At the conclusion of the conversation portion, Feinberg invited surprise guest Jamie Foxx to present Jordan with the award.
Foxx received a standing ovation when he took to the stage and proceeded to deliver a heartfelt and hilarious monologue in which he not only praised Jordan’s skill as an actor, but also teased him about his sex appeal. Foxx even engaged in a playful dialogue with the audience who constantly yelled "I love you" to Jordan.
But when it came time to get serious, Foxx spoke directly from the heart. “It looks good coming from you,” Foxx told Jordan. “The decisions that you’ve made and what you laid in the groundwork of ‘Fruitvale Station,’ and then to take that DNA and put it into ‘Black Panther,’ a huge hit, but you brought so much integrity. You made us walk different. You made us feel better about ourselves, whether you were black, white, red, or brown, you made us feel something. And I told you that is something very hard for the antagonist to do.”
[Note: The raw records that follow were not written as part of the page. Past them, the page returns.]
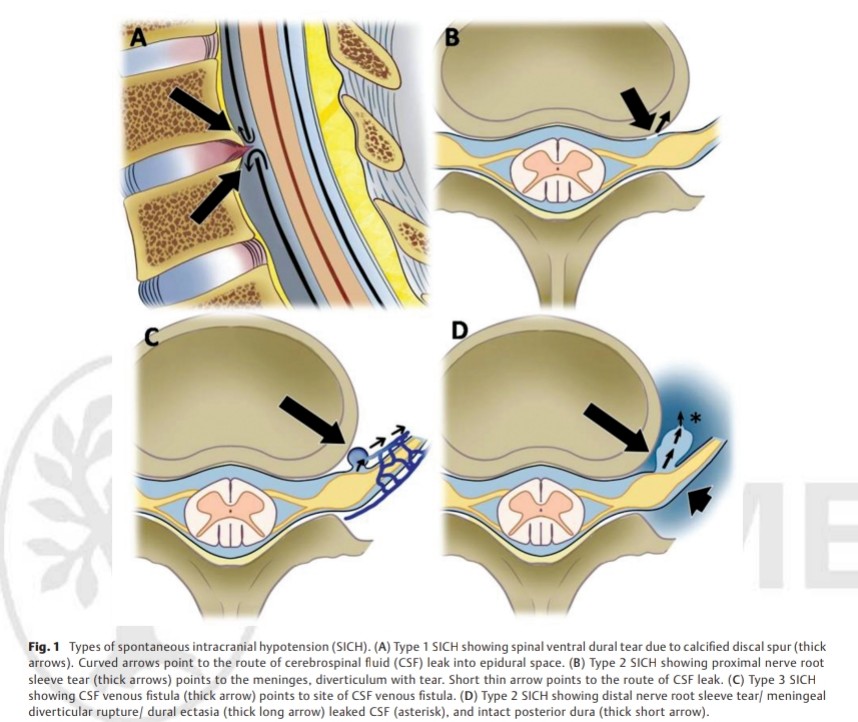 SharathKumarGG7's tweet image. Happy to Share our publication, the first of a kind review article from India on SIH! #sih #SpinalCSFleak #Csf #headache @SavithKumarINR @csfleakuk @CsfLeakIreland @csfleakaware @SpinalCSFCanada #radiology #neurorad #neurology #neuroscience #NeuroTwitter @ApolloKarnataka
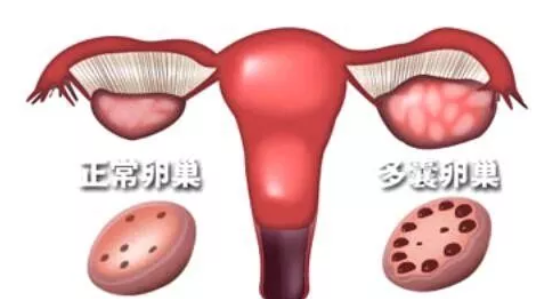 卵巢多囊样改变和多囊综合征区别 卵巢多囊样改变是什么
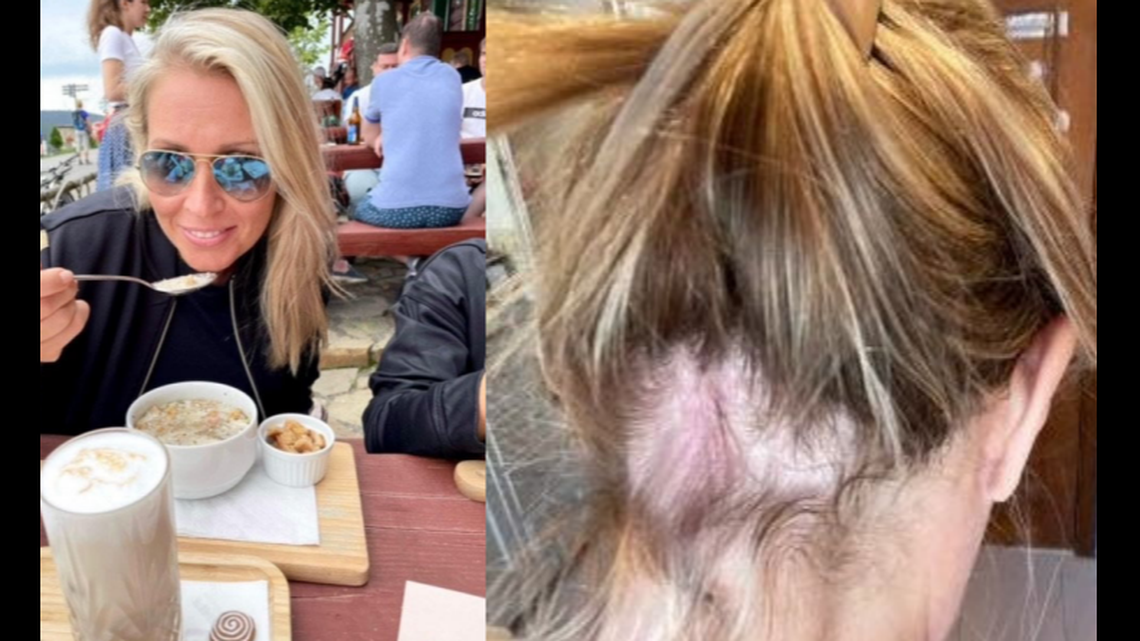 This photo shows another example of apparent damage caused by Olaplex products.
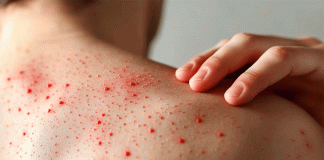 UNAM advierte: Sarampión, más contagioso que COVID-19, registra aumento en invierno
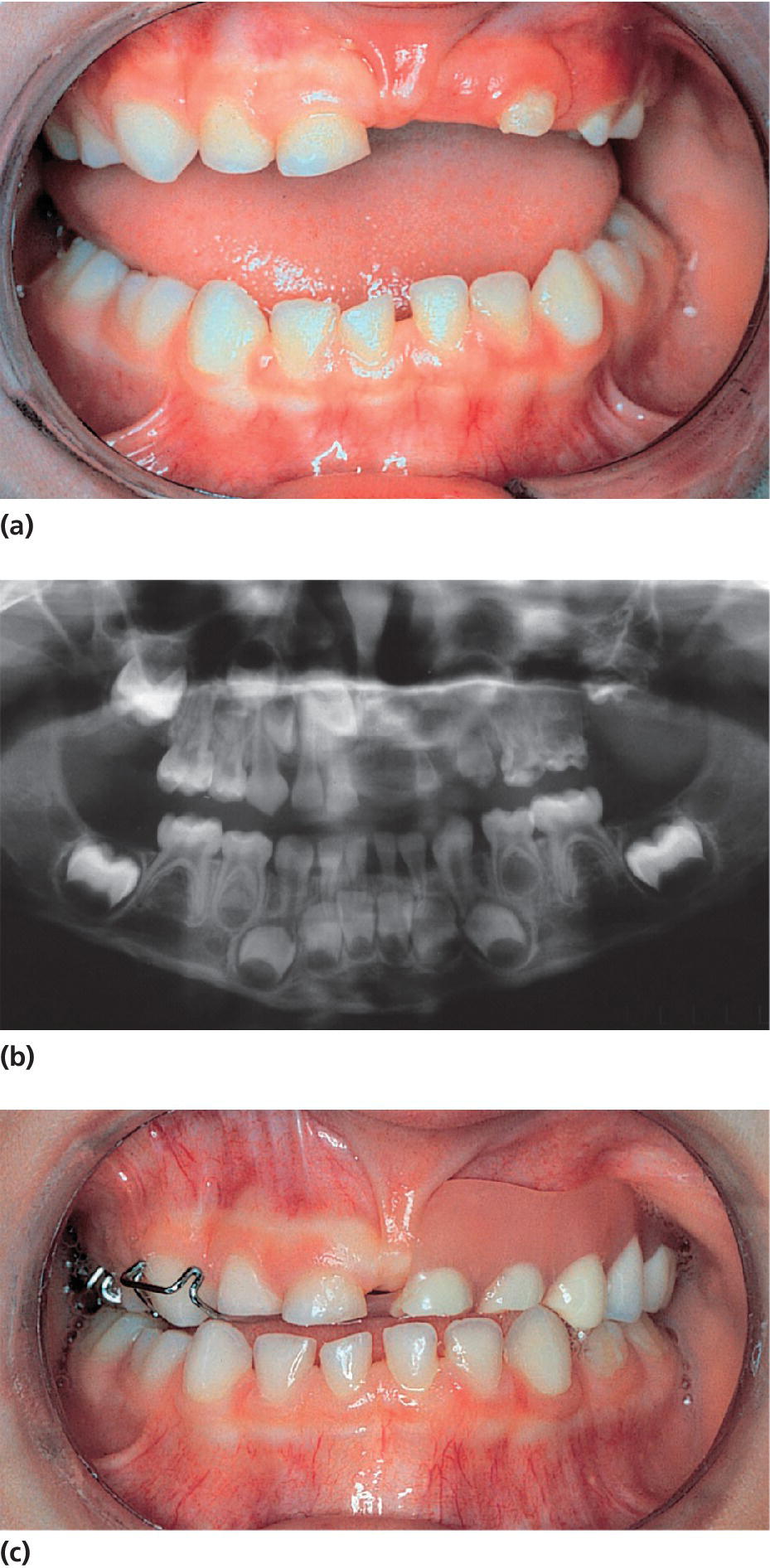 Top: Photo of abscessed incisors in maxillary left quadrant. Middle: Panoramic radiograph displaying involvement of all teeth in quadrant. Bottom: Photo of post-treatment via extraction except first molar.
After receiving the award, Jordan expressed his gratitude and shared some insight into what motivates him.
“I’m not in this for fame. I’m not in this for the attention. I’m really trying to create a blueprint to show people that if you’re good, and you’re good-hearted, and you do the right thing, that you can be successful,” he told the audience. “You can hold yourself to a higher standard and you don’t have to cut corners. There is no substitute for hard work and you don’t have to do it by yourself, you don’t have to do it alone. You surround yourself with people that believe in your vision, that are like minded, that are like-hearted, and you’ll be surprised at where that will take you.”
Jordan proceeded to make a commitment to produce film and television that “represents all of us,” as well as create opportunities for people “of all walks of life” both in front of and behind the camera.